[Supplied data — start]

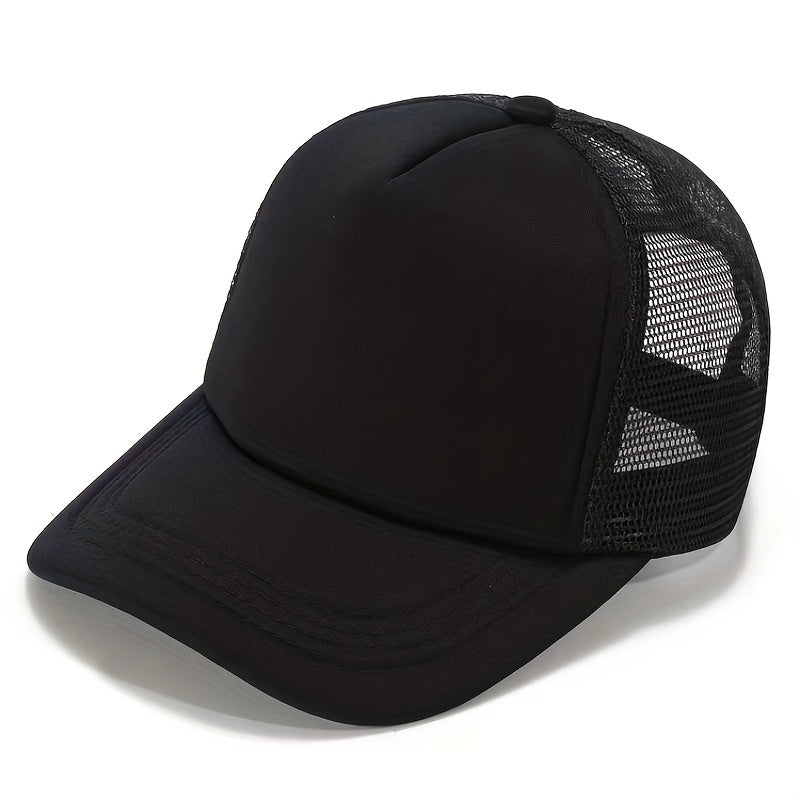 Men's Summer Sun Protection Baseball Cap with Mesh - Block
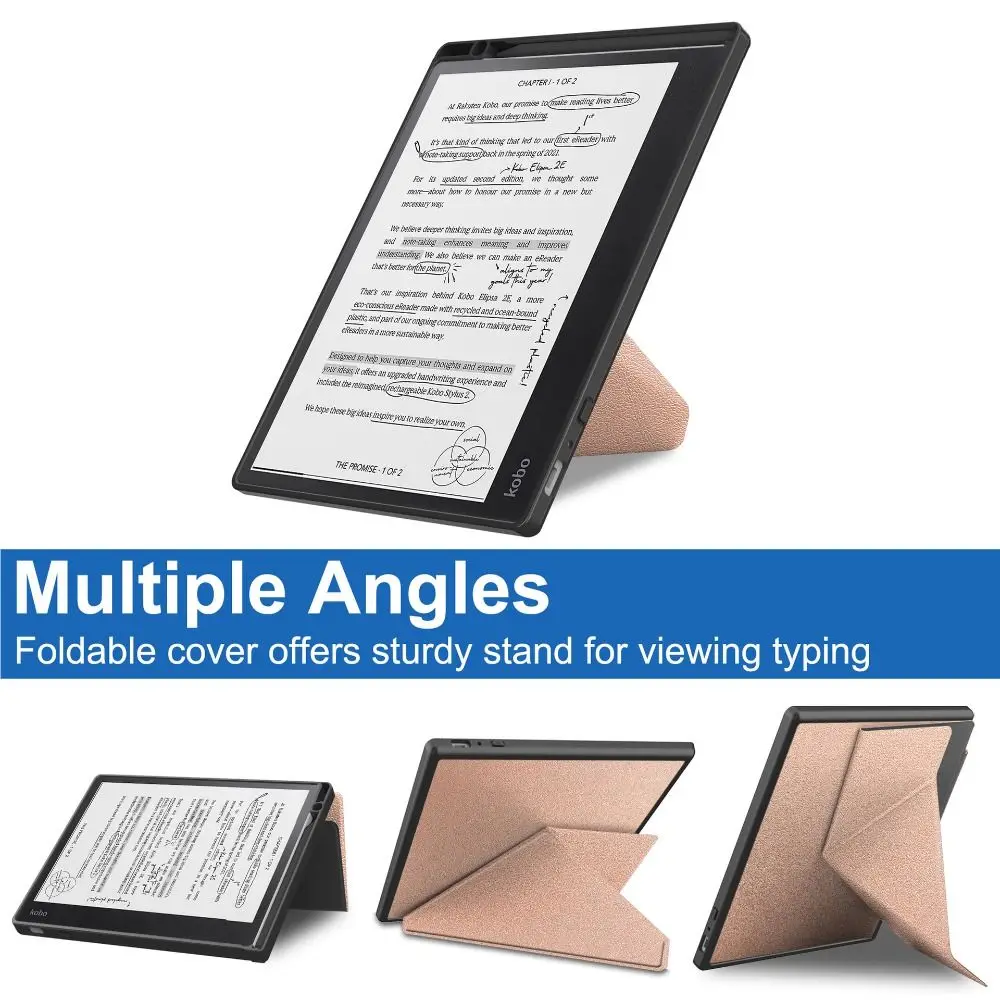 

Auto Sleep/Wake 10.3inch E-Reader Case Shockproof Wear Resistant Smart Cover Leather Foldable Stand for Kobo Elipsa 2E
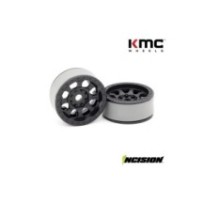Incision KMC KM237 Riot 1.9 Beadlock Wheels (2) IRC00530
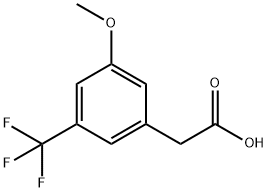 3-(Carboxymethyl)-5-methoxybenzotrifluoride, 3-(Carboxymethyl)-5-(trifluoromethyl)anisole Struktur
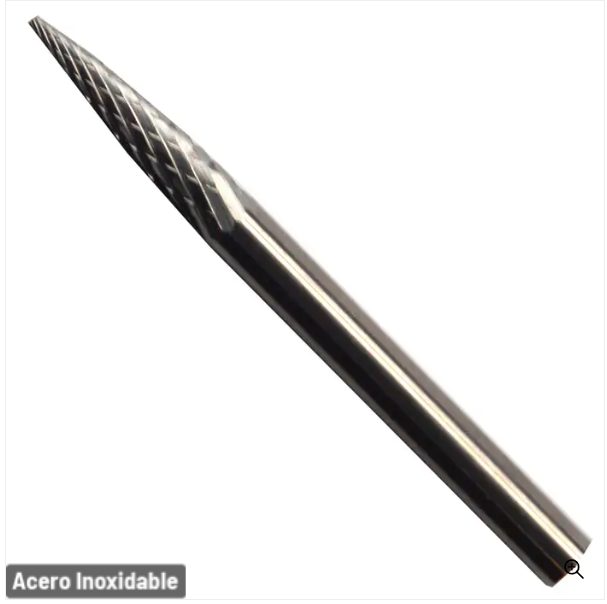 Clave 121 — 3.2x12.7x3.2 D/C DOBLE FILO #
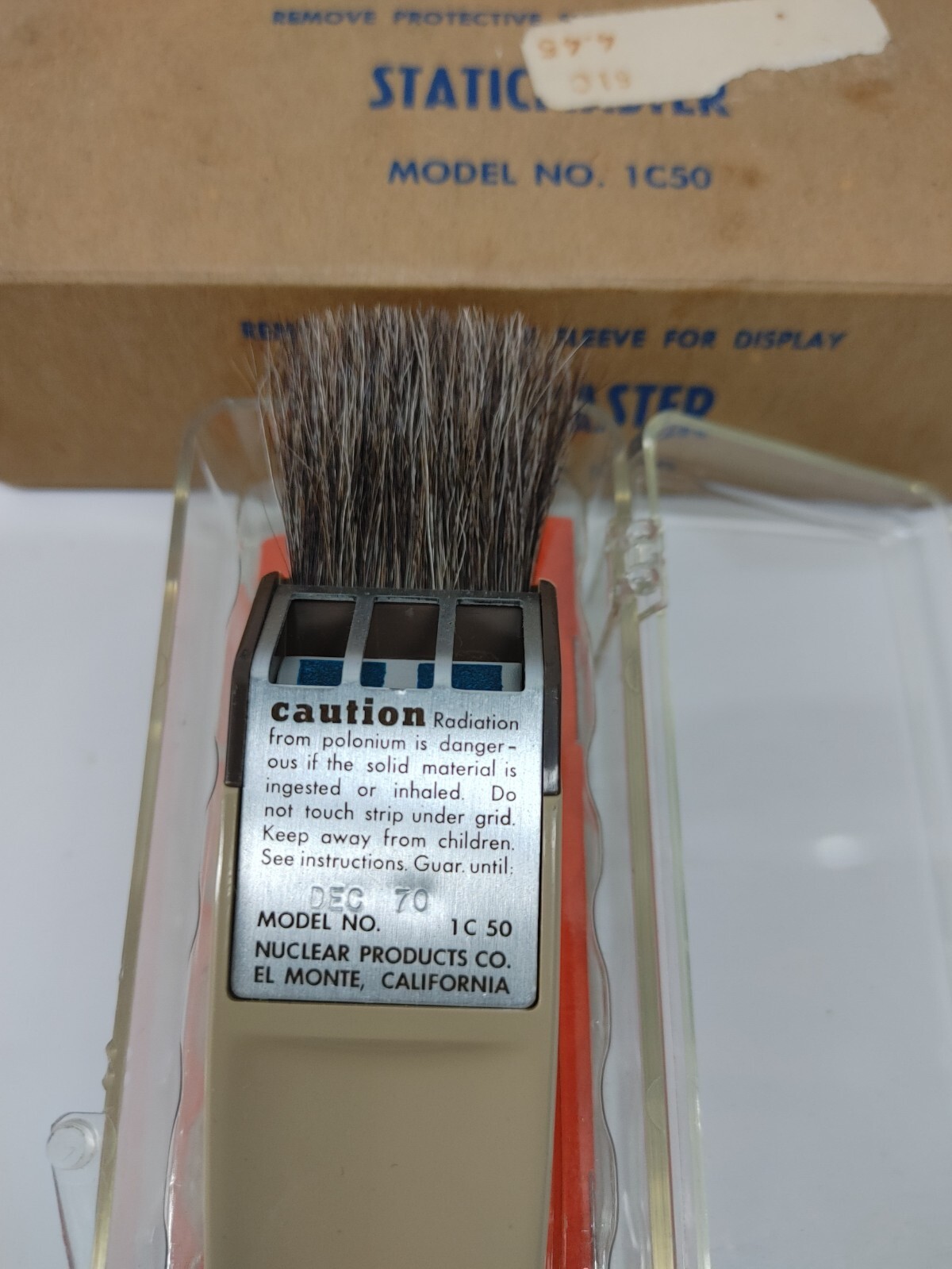 Vintage Staticmaster Brush Model 1C50 w/ Original Box (NEW OLD STOCK OPEN-BOX)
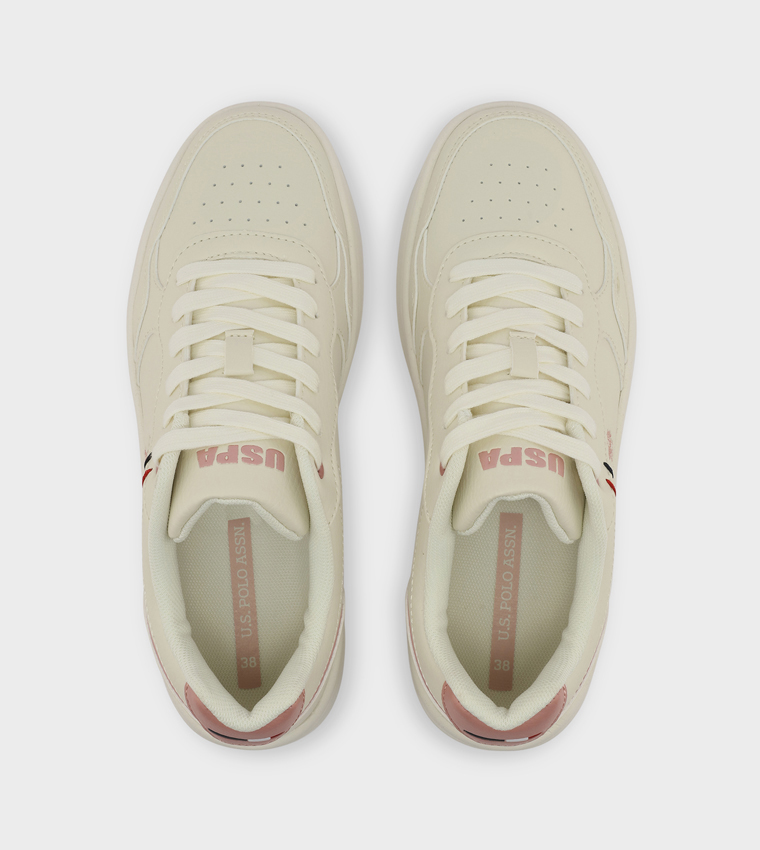 Logo Detail Low Top Sneakers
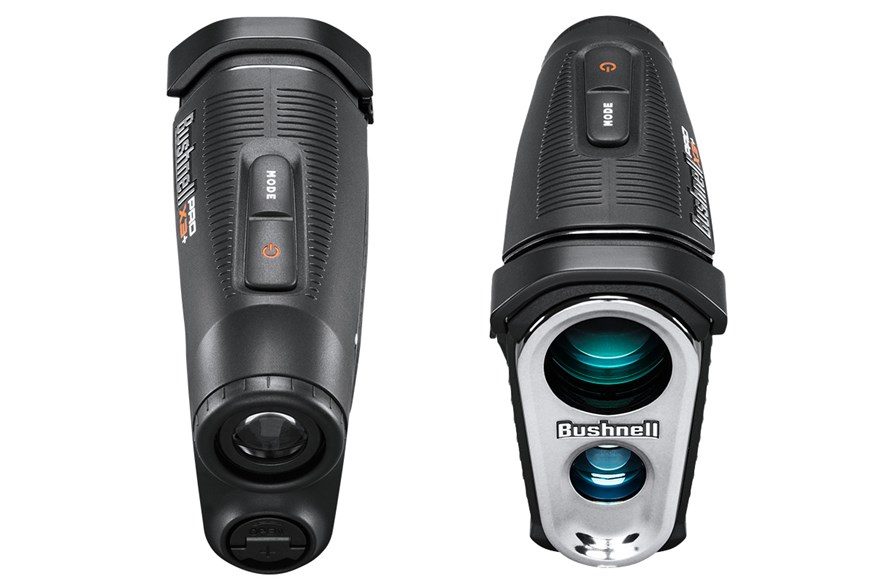 Mode selection is easy with the Bushnell Golf Pro X3+ laser rangefinder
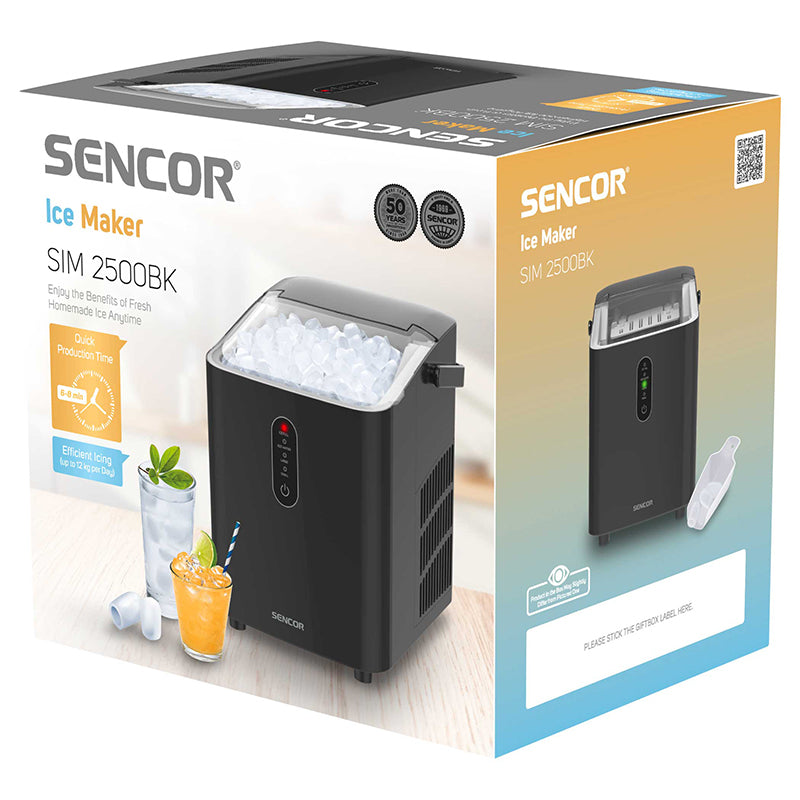 Aparat de cuburi de gheață 12 kg, rezervor 1 l, 120 W, Sencor S-SIM2500BK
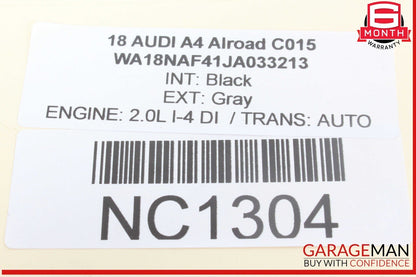 17-24 Audi A4 Allroad Rear Left Driver Side Spindle Knuckle Hub w/ Disc Rotor OEM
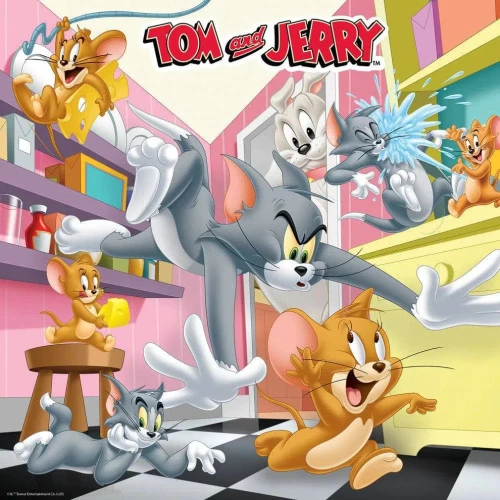 Tom & Jerry 500 Piece Jigsaw Puzzle By MasterPieces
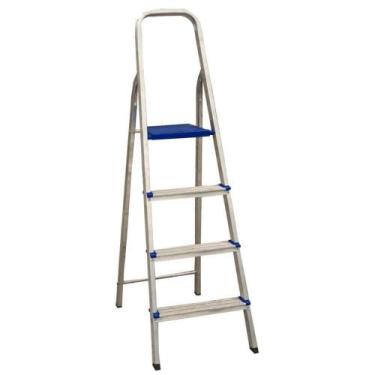Imagem de Escada Alumínio Doméstica Ultra Leve 4 Degraus REAL 004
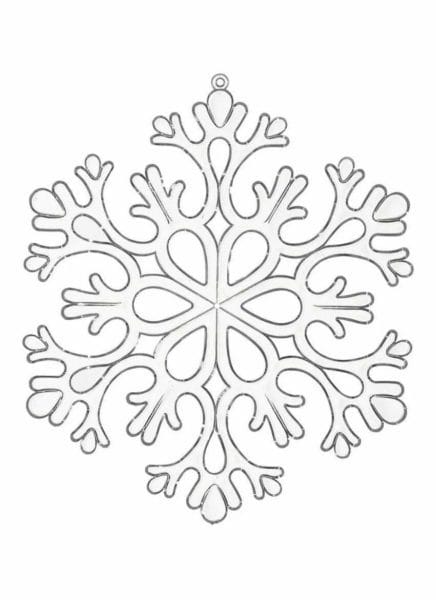 Снежинки из бумаги: 125 шаблонов для распечатки #82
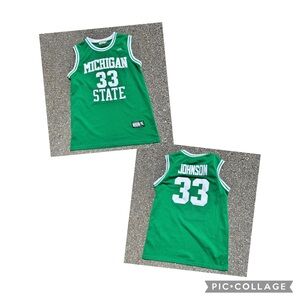 Michigan State Green Basketball Jersey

[Supplied data — finish]

- **Work to be completed**:
Write out all of the records above. Keep them exact and leave out the pictures.

- **Expected output**:
 Men's Summer Sun Protection Baseball Cap with Mesh - Block

Auto Sleep/Wake 10.3inch E-Reader Case Shockproof Wear Resistant Smart Cover Leather Foldable Stand for Kobo Elipsa 2E
Incision KMC KM237 Riot 1.9 Beadlock Wheels (2) IRC00530
 3-(Carboxymethyl)-5-methoxybenzotrifluoride, 3-(Carboxymethyl)-5-(trifluoromethyl)anisole Struktur
 Clave 121 — 3.2x12.7x3.2 D/C DOBLE FILO #
 Vintage Staticmaster Brush Model 1C50 w/ Original Box (NEW OLD STOCK OPEN-BOX)
 Logo Detail Low Top Sneakers
 Mode selection is easy with the Bushnell Golf Pro X3+ laser rangefinder
 Aparat de cuburi de gheață 12 kg, rezervor 1 l, 120 W, Sencor S-SIM2500BK
 17-24 Audi A4 Allroad Rear Left Driver Side Spindle Knuckle Hub w/ Disc Rotor OEM
 Tom & Jerry 500 Piece Jigsaw Puzzle By MasterPieces
Imagem de Escada Alumínio Doméstica Ultra Leve 4 Degraus REAL 004
 Снежинки из бумаги: 125 шаблонов для распечатки #82
 Michigan State Green Basketball Jersey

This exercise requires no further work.